After a short time at Batavia, the Phillies had seen enough (2-0, 2.53 in eight games) and moved their young pitcher along to Lakewood. "It was a surprise," recalls Cline. "Warren Brusstar (pitching coach) and Luis Melendez (manager) called me over and told me I was moving up. It was kind of a shock." Leaving Batavia meant leaving behind Brusstar, who Cline says was a great help. "He's great to work with. I left there with a lot of respect for him," said Cline. The respect is mutual. "Zac is a smart kid and he knows how to pitch. He works hard and he'll do well," said Brusstar.

Year / Team W L ERA SV G GS CG IP H R ER BB KO HR
2004 Batavia 2 0 2.53 0 8 0 0 21.1 21 8 6 4 21 0
2004 Lakewood 5 1 2.98 0 8 8 0 42.1 38 15 14 8 34 3
Career 7 1 2.82 0 16 8 0 63.2 59 23 20 12 55 3

Acquired: Drafted out of West Virginia University in the 15th round of the 2004 Draft.

Repertoire: "My fastball and change-up are my best pitches," reports Cline. Some scouts have commented that his change-up will be the pitch that will make people remember Zac Cline. "He always had good command of his fastball and then uses that change-up to beat people," remembered WV pitching coach Greg Van Zant. Brusstar and the Phillies have worked with Cline on developing his curveball and it appears he'll develop a better than average curve.

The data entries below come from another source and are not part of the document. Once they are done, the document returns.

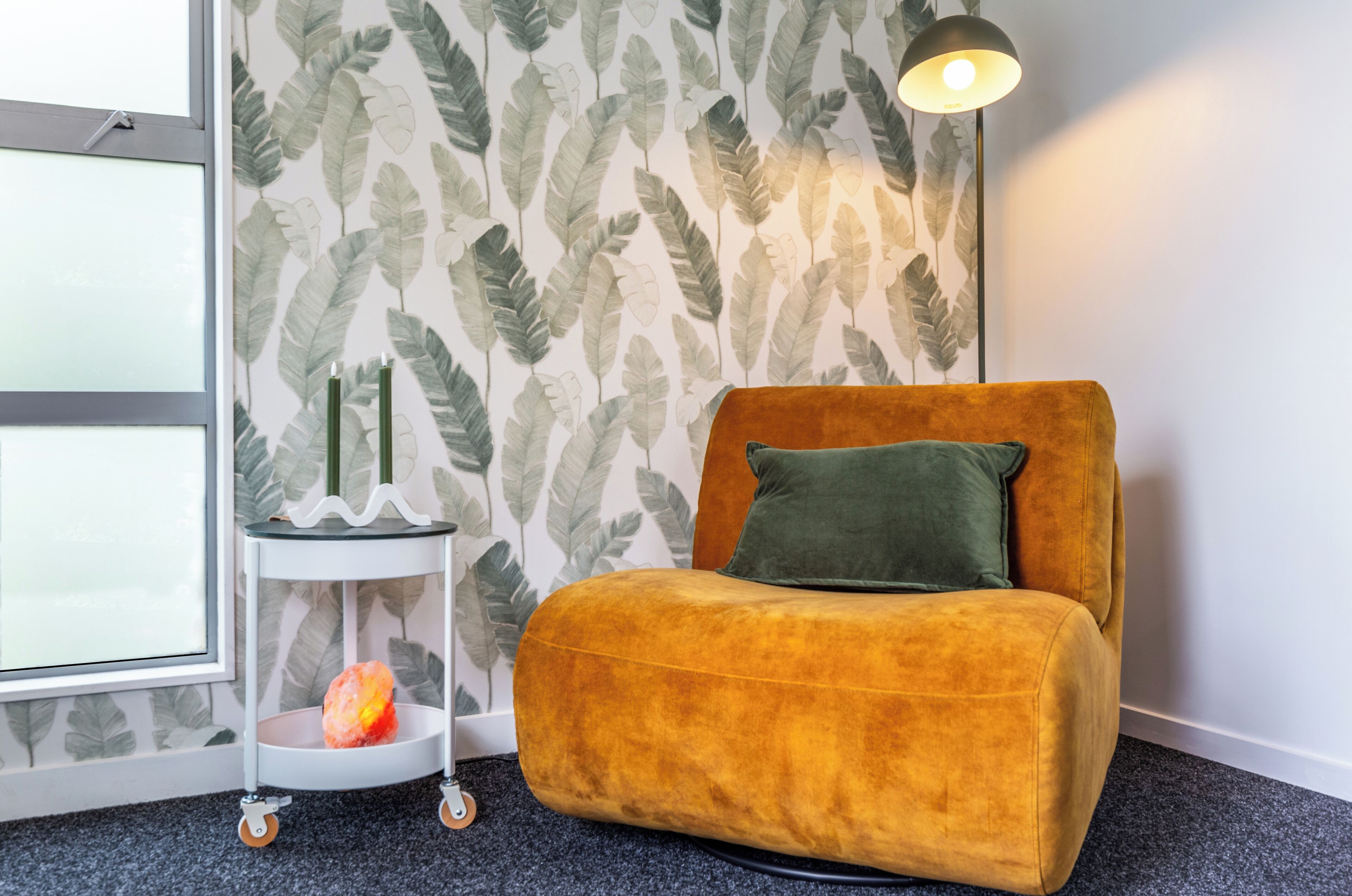 Ein Zimmer mit einem senffarbenen Sofa, einem grünen Kissen, einem kleinen Beistelltisch mit einer Kerze und einer Wand mit einem Blattmuster.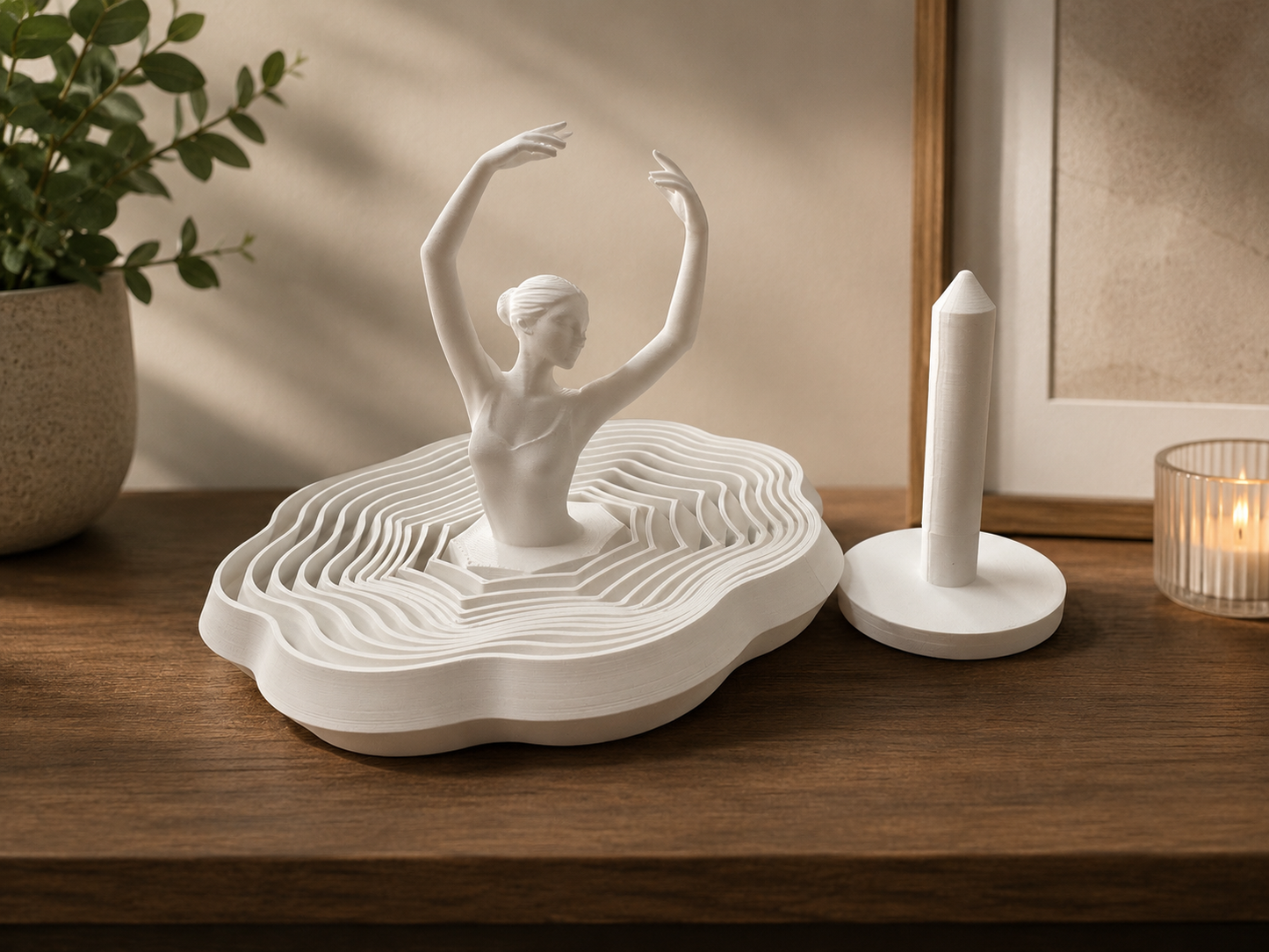 White 3D print of a dancer on a wavy base with a candle in the background.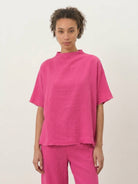 Cotton-blend capelet lounge set with mock neck top and wide-leg pants in neutral tones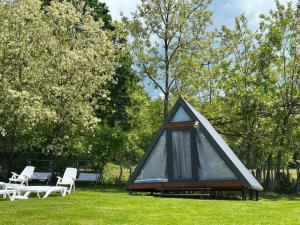 a black triangular house with two white chairs and trees at STORY GLAMPING POLOVRAGI in Racoviţa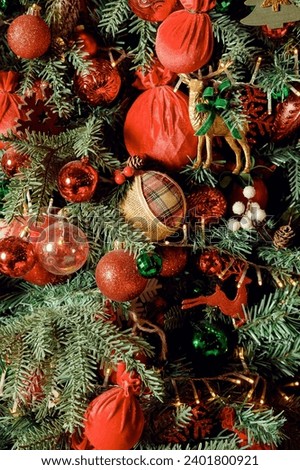 Beautiful and decorated Christmas tree. New Year mood. Holidays background for greeting cards.
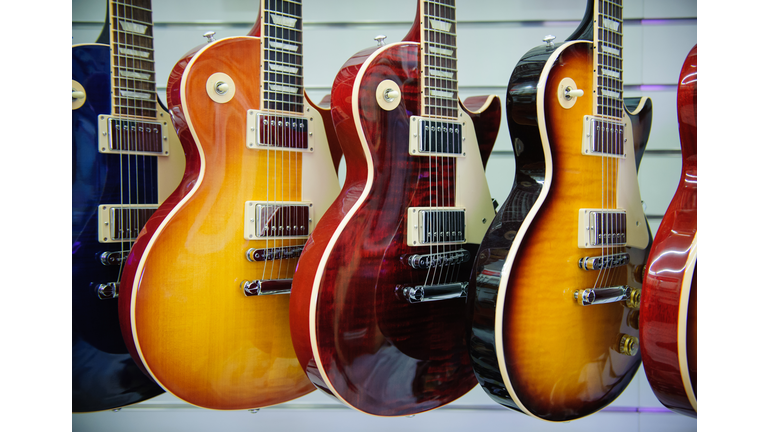 Electric guitars hanging in store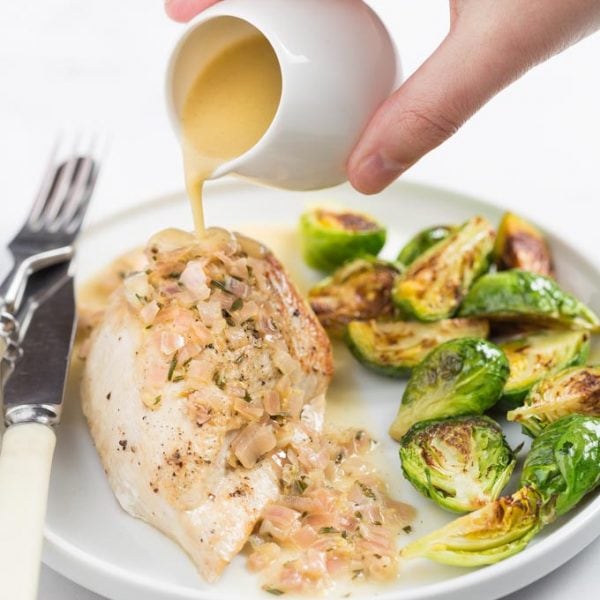 Chicken breast on a plate with lemon sauce pouring over the top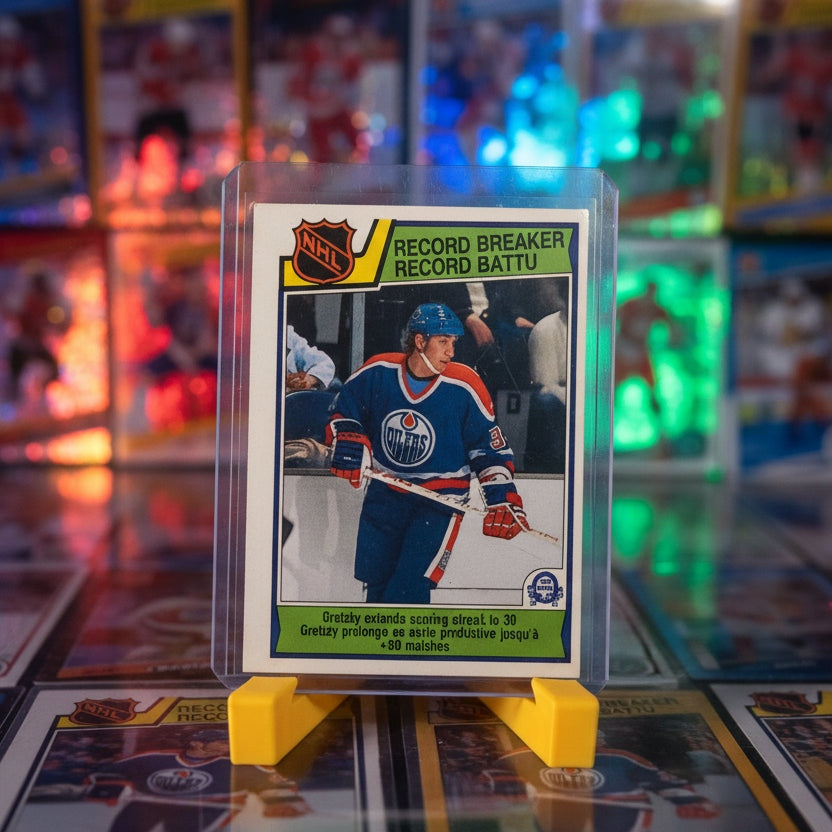 Hockey trading card featuring a player in a blue jersey on a black surface with a yellow card holder.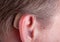 Close-up of a senior man& x27;s ear wearing hearing aid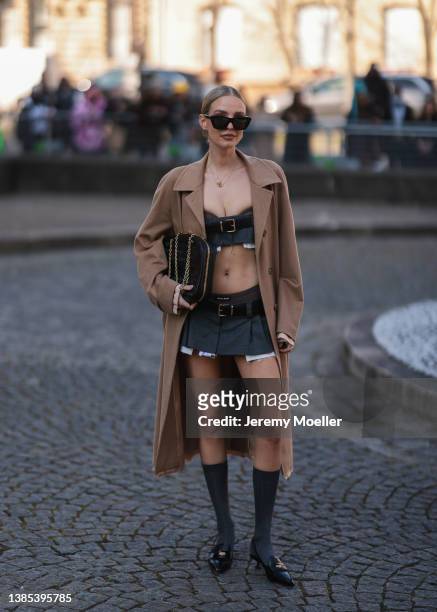Leonie Hanne seen wearing gold chain necklaces, black sunglasses, black monogram earrings from Miu Miu, a dark grey ripped shoulder-off / cropped top...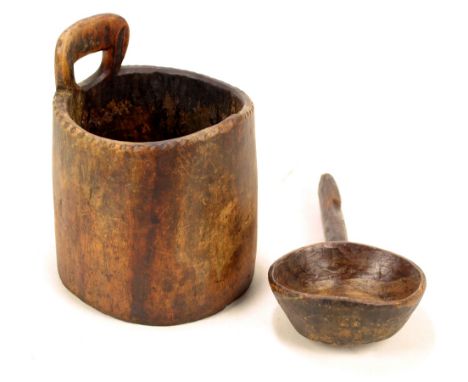 A 19th century stained beech grain bucket and ladle, the bucket with integral carrying handle and crimped decoration to the r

Pitching: The Phillies liked Cline's ability to throw strikes and felt all along that he was a guy who knew how to pitch. The Phillies haven't been too surprised by his rapid move, because they didn't figure on needing to spend too much time with him at Batavia because he was one of those pitchers who simply knew how to get things done and had enough talent to move quickly.

Projection: He only threw 42 innings at Lakewood, but with the miles that all of Cline's complete games in college put on his arm and the fact that he is well developed in his pitching skills, it's likely that Cline will be at Clearwater in 2005. If the Phillies want to be cautious, they may give him a couple starts at Lakewood, but that doesn't seem necessary.

ETA: It's not out of the question that Cline will get at least a quick look at Reading some time this season. There is an outside chance that by September of 2006, he'll get a look in the majors. That's an overly optimistic schedule, but one that could come together. It's more likely that Cline will get a taste of the majors at some point in the 2007 season and be ready for full-time duty by 2008, especially if his curveball develops.

Comparison: Some believe that Cline's ceiling might be that of an Al Leiter type pitcher. He projects at least as a middle of the rotation starter and again, depending on how good his curveball becomes, he could be more - much more.